Mr. Sinai and I got talking of Y.D. Gundevia, whose book Outside the Archives I much admired. One of his first postings was as Second Secretary in Colombo, when Gundevia was India’s High Commissioner. The country was then known as Ceylon, and its President, S.W.R.D. Bandarnaike, was working hard to rid it of any lingering colonial influences. He had just imposed a language policy which made it mandatory for all citizens of the country to write their examinations in Sinhala. But Bandarnaike was not content with this; apart from the citizens of Ceylon, he wanted residents of other nationalities to learn the national language, too.
Revealing anecdote
As Mr. Sinai told the story, at a reception for the diplomatic corps, the President of Ceylon got talking of the greatness of the Sinhala language. This was his first such address to that particular audience, but his two-hundred-and-fortieth speech all told on that particular subject. After he ended his talk, Mr. Bandarnaike turned to the senior-most diplomat at the table. “Mr. Gundevia”, he thundered, “you have been in our country for more than a year now. Have you made any attempt to learn our beautiful and ancient language?”. “As a matter of fact, I have, Sir”, the Indian answered, “and I do now know some words of Sinhala”. “And what might these be?”, asked the President. “Solomon, West, Ridgeway, Dias”, replied Gundevia, these being the four personal names of a man whose Sinhala chauvinism could not hide the fact that his family had once been associated with the Church and with Christian missionaries.

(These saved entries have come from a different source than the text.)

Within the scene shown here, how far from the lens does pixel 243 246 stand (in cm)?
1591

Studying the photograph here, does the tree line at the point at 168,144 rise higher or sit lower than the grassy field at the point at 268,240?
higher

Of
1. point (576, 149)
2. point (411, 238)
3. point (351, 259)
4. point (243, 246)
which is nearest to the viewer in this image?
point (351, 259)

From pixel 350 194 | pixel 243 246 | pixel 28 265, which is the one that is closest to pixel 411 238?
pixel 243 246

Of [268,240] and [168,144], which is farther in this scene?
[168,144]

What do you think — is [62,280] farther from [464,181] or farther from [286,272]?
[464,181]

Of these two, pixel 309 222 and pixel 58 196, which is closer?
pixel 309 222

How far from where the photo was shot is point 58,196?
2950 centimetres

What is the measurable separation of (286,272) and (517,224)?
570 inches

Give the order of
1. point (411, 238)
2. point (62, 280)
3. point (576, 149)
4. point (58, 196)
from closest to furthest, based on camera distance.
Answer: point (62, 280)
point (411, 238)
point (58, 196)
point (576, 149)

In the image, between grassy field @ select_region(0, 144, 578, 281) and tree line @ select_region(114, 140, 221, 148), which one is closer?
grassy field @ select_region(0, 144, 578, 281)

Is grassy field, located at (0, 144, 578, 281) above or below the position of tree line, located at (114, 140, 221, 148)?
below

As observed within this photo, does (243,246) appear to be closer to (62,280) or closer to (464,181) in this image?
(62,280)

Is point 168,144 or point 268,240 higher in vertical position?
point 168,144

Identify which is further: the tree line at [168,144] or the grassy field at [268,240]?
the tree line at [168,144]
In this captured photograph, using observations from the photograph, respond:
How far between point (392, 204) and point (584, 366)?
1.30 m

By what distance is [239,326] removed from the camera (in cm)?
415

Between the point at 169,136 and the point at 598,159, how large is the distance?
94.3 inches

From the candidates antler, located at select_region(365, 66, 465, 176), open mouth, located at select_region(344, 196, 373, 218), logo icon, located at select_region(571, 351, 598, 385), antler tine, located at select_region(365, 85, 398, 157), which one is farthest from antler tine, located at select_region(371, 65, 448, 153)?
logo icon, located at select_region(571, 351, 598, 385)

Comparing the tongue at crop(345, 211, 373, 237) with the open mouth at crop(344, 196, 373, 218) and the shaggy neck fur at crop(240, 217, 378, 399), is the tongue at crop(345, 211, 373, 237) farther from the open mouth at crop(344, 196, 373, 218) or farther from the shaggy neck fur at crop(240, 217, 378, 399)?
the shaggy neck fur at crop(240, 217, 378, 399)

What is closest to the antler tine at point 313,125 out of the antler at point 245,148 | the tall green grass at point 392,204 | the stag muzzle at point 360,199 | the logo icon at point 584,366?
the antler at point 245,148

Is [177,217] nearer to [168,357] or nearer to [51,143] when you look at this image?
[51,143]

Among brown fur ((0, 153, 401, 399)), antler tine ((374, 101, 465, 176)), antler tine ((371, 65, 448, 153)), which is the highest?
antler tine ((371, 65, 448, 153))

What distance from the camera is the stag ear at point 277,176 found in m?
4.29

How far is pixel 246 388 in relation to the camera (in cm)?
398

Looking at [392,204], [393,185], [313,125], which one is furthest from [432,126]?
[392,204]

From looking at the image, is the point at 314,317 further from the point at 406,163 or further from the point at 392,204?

To this wonderful and revealing tale told me by a former diplomat let me append statements by two great modern writers. In 1907, James Joyce gave a lecture in Trieste, titled “Ireland: Island of Saints and Sages”. Dismissing the idea that Ireland belonged only to Irish Catholics, Joyce remarked: “Our civilisation is an immense woven fabric in which very different elements are mixed… In such a fabric it is pointless searching for a thread that has remained pure, virgin and uninfluenced by other threads nearby.” Some 60 years later, the Kannada polymath Kota Shivarama Karanth wrote that it was impossible to “to talk of ‘Indian culture’ as if it is a monolithic object”. Karanth had heard scholars and demagogues speak of something called “Aryan culture”. Did they realise, he asked, “what transformations this ‘Aryan culture’ has undergone after reaching India?”.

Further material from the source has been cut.